I should confess here that Peters has been my mentor, guilty conscience and friend for 45 years. I was one of several dozen journalists who were lucky enough to hear sermons from his political “gospel” and get “raindanced” as he edited my articles for his magazine. In a journalism world made up mostly of unmemorable characters, Peters is an American original.
Peters titles his book “We Do Our Part,” choosing the slogan of Franklin Roosevelt’s National Recovery Administration. His core argument is that the Democrats are doomed unless they seek to rebuild America as a fairer country, less obsessed by money and status, but still respecting the wealth-creating power of our entrepreneurial capitalist economy.
Peters is blunt in describing how the Democrats let FDR’s New Deal coalition and his legacy of fairness slip away. The unraveling started during Lyndon Johnson’s presidency, in a shift that Peters characterizes in one chapter as “From Doing Good to Doing Well.” It accelerated with the Vietnam War, which Peters saw as creating class cleavages between those who fought and those who didn’t. A classic Washington Monthly piece on this theme was “Let those Hillbillies Go Get Shot” by Suzannah Lessard.
What Peters saw earlier than any commentator I know was that meritocracy’s rise would create an America more unequal in its division of income and nastier in its class and status divides. You could be indignant about not being born a Roosevelt or a Rockefeller, but it was harder to complain about not getting high enough SAT scores for the Ivy League.
Peters’ chapters about “The Snob Factor” and “The Price of Glamour” are devastating, and no less powerful for his own mild status obsession and name-dropping. (The reader will discover that our Huck Finn was pals with Allen Ginsberg, Katharine Graham, Warren Buffett, Jay Rockefeller and other luminaries).
The saddest figure in this story of the implosion of the old Democratic Party is Bill Clinton. On his way to the White House, Clinton was passionate about politics, in touch with his Arkansas roots and, as Peters says, “among the first to detect where the Democratic Party was going wrong in the 1970s.” He created a new political center -- stitched with ideas from Peters’ canon of “neoliberalism” -- that would keep faith with working people even as it built “a bridge to the future” by modernizing the economy and helping workers find their place in it.

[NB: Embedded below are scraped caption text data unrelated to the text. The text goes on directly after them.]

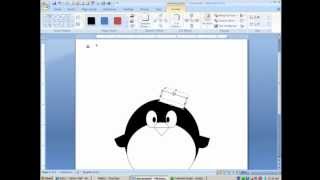 Create Clipart Using MS Word or PowerPoint [upl. by Darken]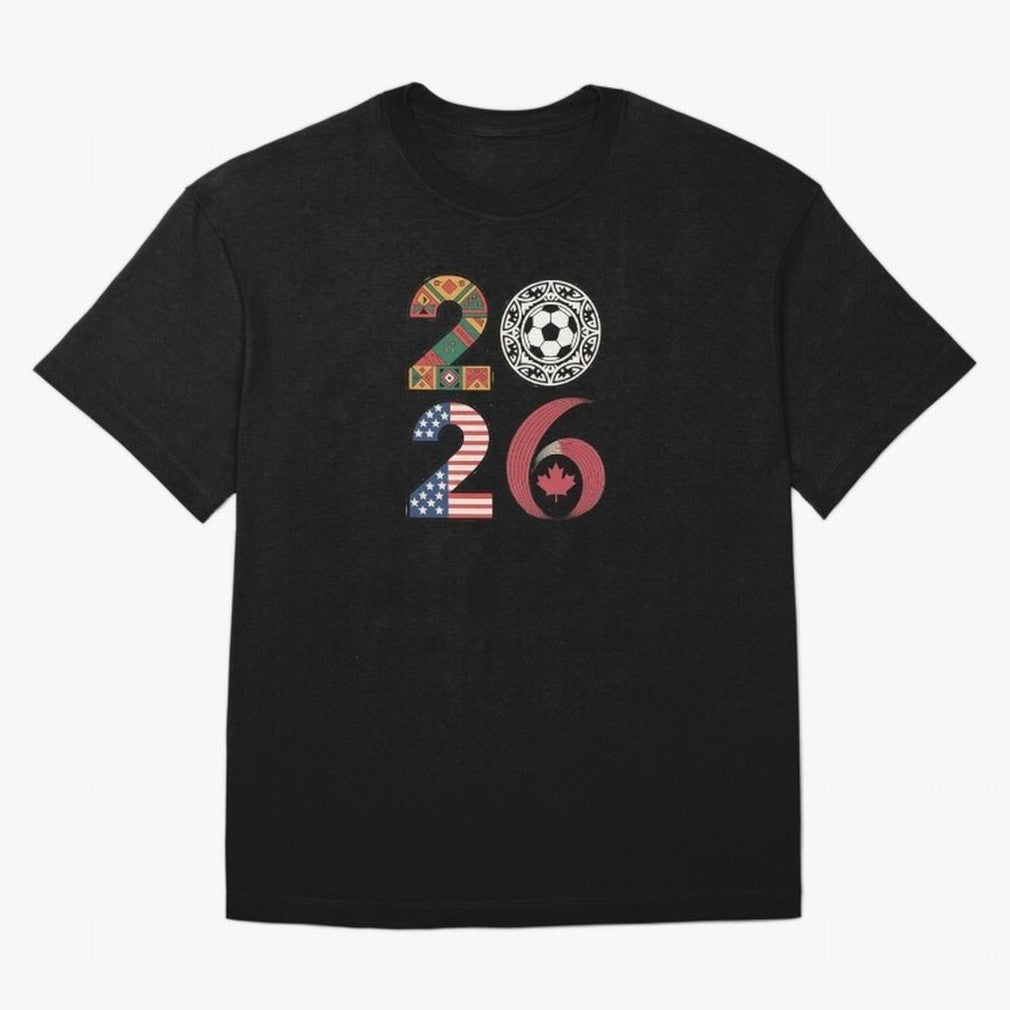 2026 Football Countries Funny Sports Team Classic T-Shirt Remember the FIFA World Cup 2026 USA Canada Mexico Journey through Messi, CR7 and Mbappe Highlights, Portugal Pride, Vintage Soccer Flavor, Modern Football Stars, National Flags and Final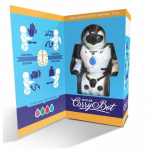 Robot Cassy Bot Butler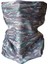 Soğutma Boyun Gaiter Tüp Eşarp Yüz Maskesi Kapak Bandana Bisiklet Balaclava Camo Gri (Yurt Dışından) 1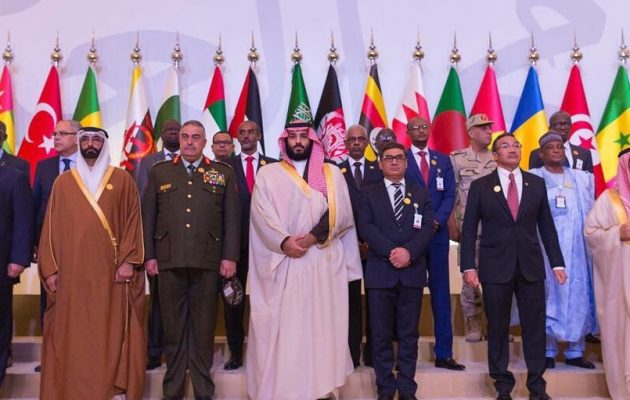 Διάδοχος Σ. Αραβίας: “Θα καταδιώκουμε τους τρομοκράτες μέχρι να εξαφανισθούν από τη γη”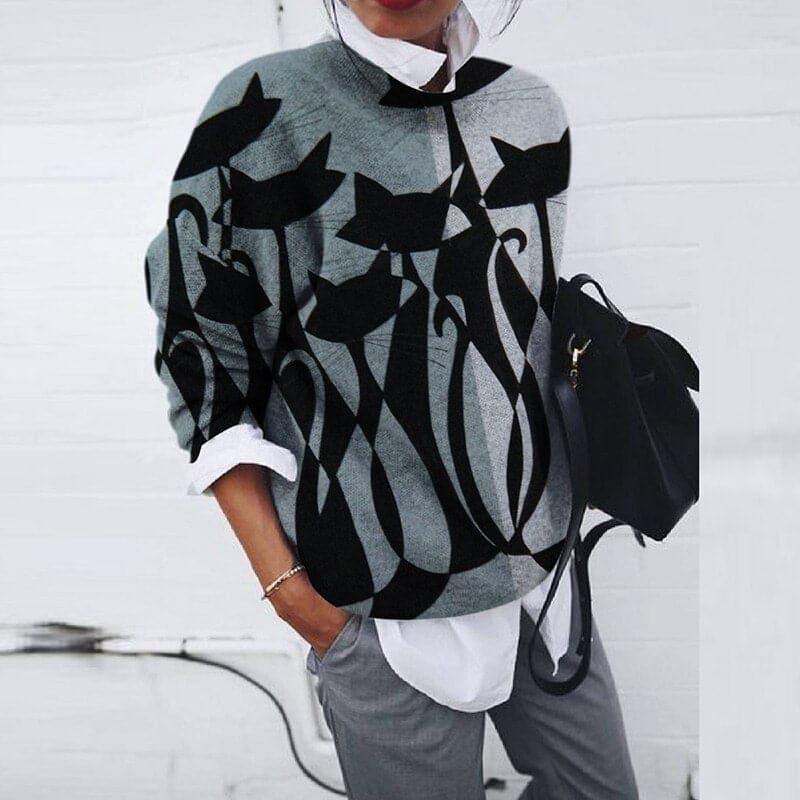 Yoselin | Comfortable and elegant winter garment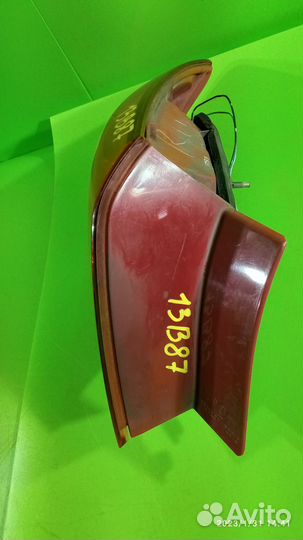 Фонарь левый для Mazda 3 2003-2009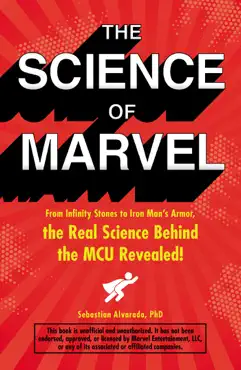 the science of marvel book cover image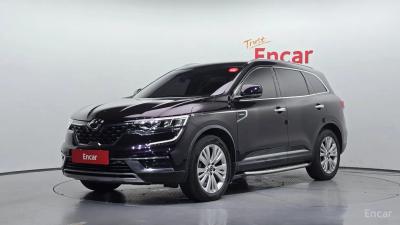Renault-KoreaSamsung QM6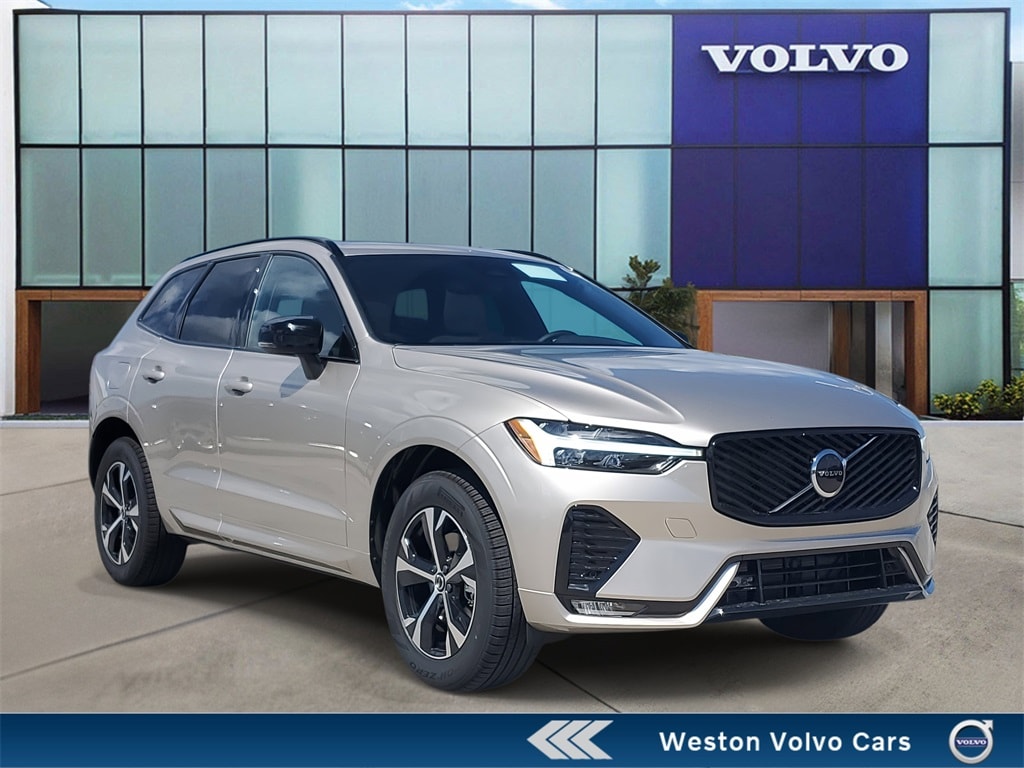 2026 Volvo XC60 SUV 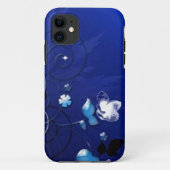 Petales couverts oils_iphone5 Case-Mate iPhoneケース (裏面)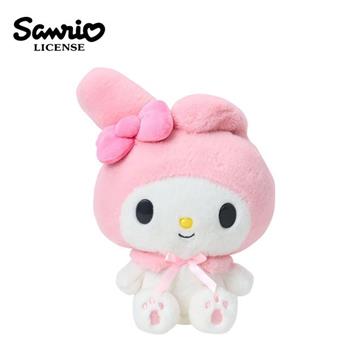 三麗鷗 絨毛玩偶 22cm 娃娃 玩偶 美樂蒂 酷洛米 人魚漢頓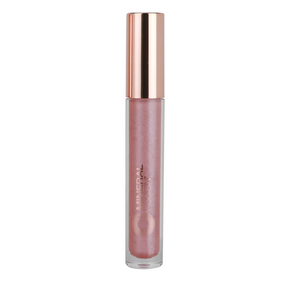 Mineral Fusion Natural Brands – Hydro-shine Lip Gloss Bermuda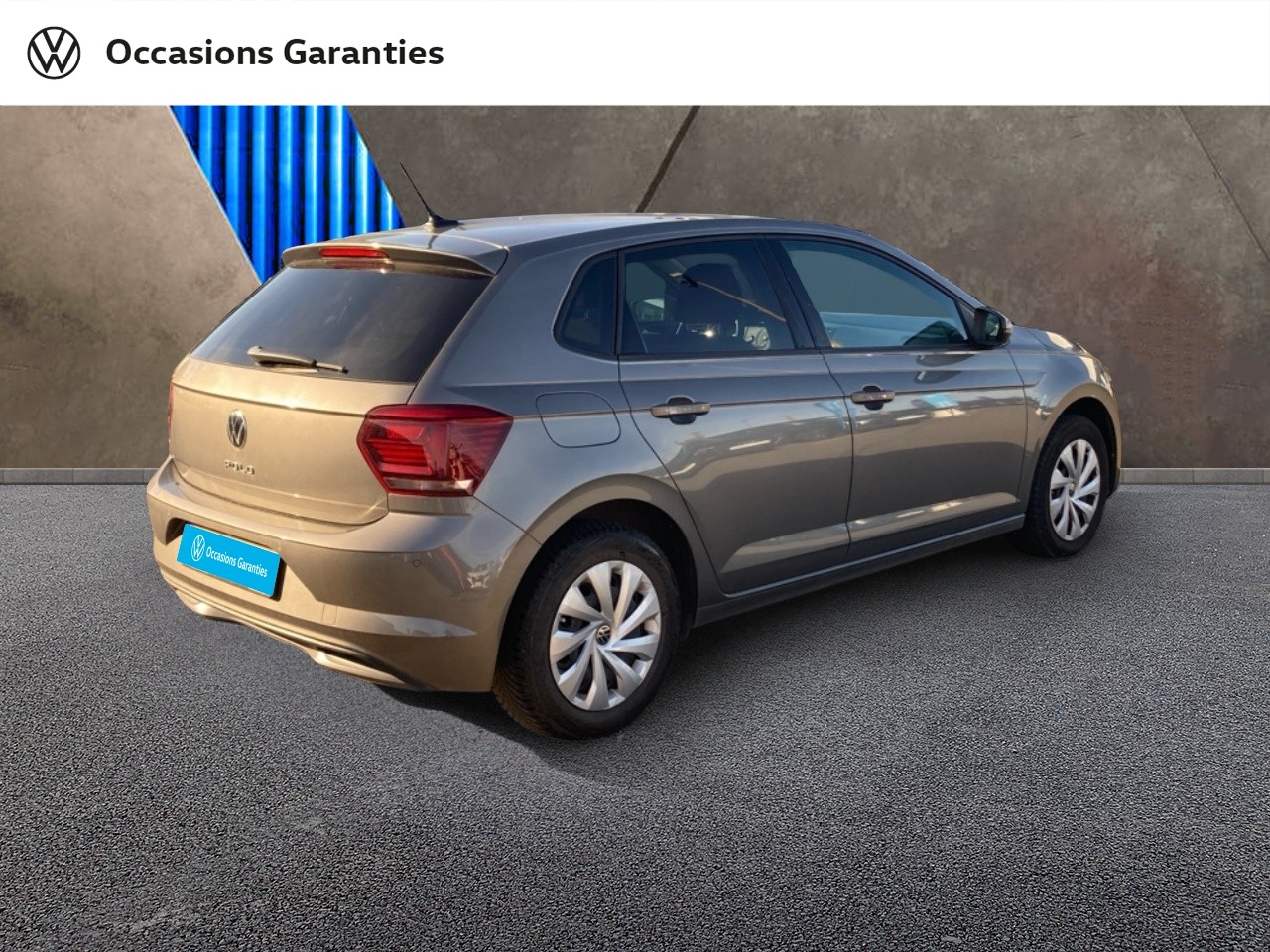 Voitures occasions VOLKSWAGEN POLO Lounge Business Hazebrouck
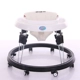 Bé Walker 6 7-18 tháng tuổi bé nhỏ chống rollover đẩy tay có thể ngồi gập bắt đầu học bước chân xe đẩy bé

But the Clintons, after leaving the White House, came to represent the loss of the Democrats’ connection with the average American. As Peters writes, they entered a world where it seemed natural that Chelsea’s apartment in New York would cost $10 million and that Hillary would be paid $225,000 for a speech to Goldman Sachs executives.
Peters applauded Barack Obama in principle but saw him as more comfortable with Wall Street than with the working-class voters of FDR’s coalition.
It’s grotesque that the aspirations of working-class Americans came to be represented by a braggart billionaire from New York who masks his shameless elitism with rhetoric about making the country great again.
But as Peters illustrates, the Democrats’ loss of connection with the country is largely their own fault. The interdependence that was captured by FDR’s slogan “We Do Our Part” got lost along the way. Peters’ book explains where to find it again.